The Render behavior on the Rendered Page business object handles the generation of the static HTML:

  1. It prepares mobile and desktop viewport sizes
  2. Gets a new page (opens a new tab) on the headless browser
  3. Sets the viewport size
  4. Adds an Puppeteer Interceptor to tell the browser to not load the images
  5. Sets the user agent so that it is not seen as a bot
  6. Opens the url of the page and waits for network activity to stop
  7. Waits for the Angular to finish processing the page
  8. Removes the script elements to make the HTML static (we don't want it to try to load the app again)
  9. Extracts the HTML and stores it in the database

How Are The Rendered Pages Served?

When a search engine bot crawls a site, it uses a User Agent request header that identifies itself as a bot.
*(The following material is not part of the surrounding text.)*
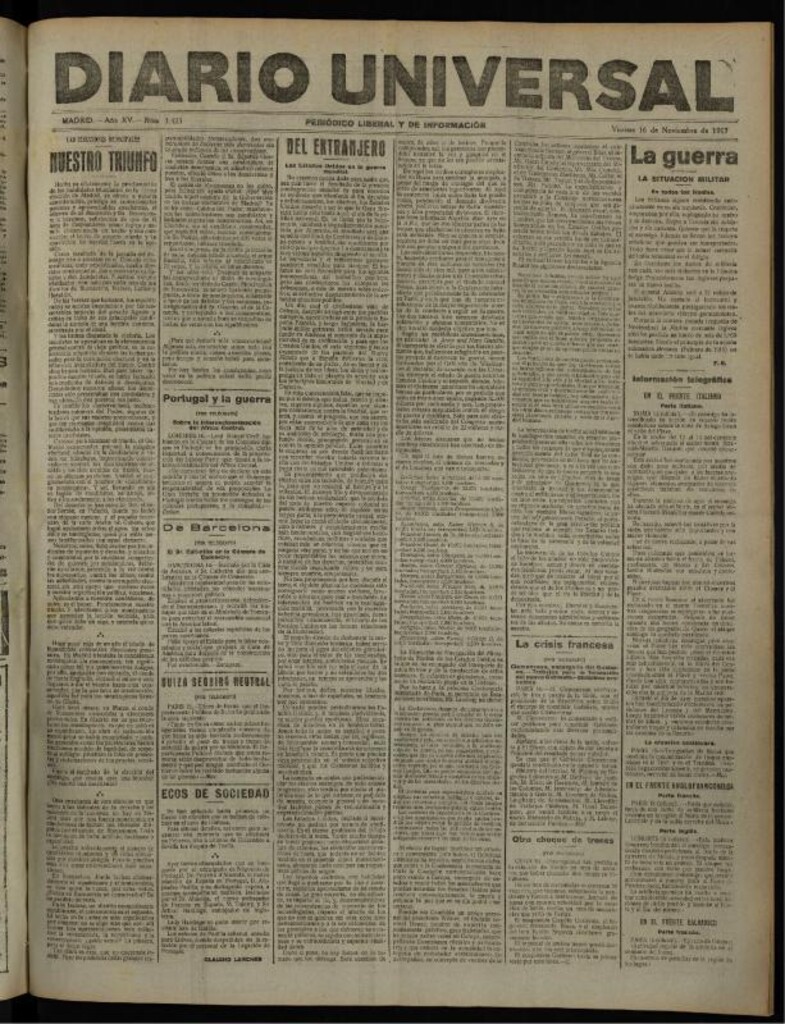 Miniatura de Diario Universal del 16 de noviembre de 1917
The Serve Rendered Pages To Crawlers reusable behavior:

  1. uses the isBot npm package to decide if the request is from a bot
  2. If it is from a bot, is not on a list of excluded endpoints and is not a file (does not have a period in the path), it then uses the is-mobile npm package to determine if the bot is asking for a mobile page or a desktop page
  3. Next, it looks for a Rendered Page that has the path and returns sends the appropriate HTML to the search bot

If it does not find a matching Rendered Page, it returns a 404 page instead.

What About Dynamic Pages?

By default, the library will only render the paths that are publicly accessible (you don't need to be logged in to see them) and only if they do not contain a url parameter (:id for example). If your app has dynamic pages that you want rendered server side, you can add logic in your app to create RenderedPage instances for the pages and add them to the queue. A good example is the Documentation Library. Each time a page is published, a Rendered Page business object is created (if it does not already exist) and added to the queue.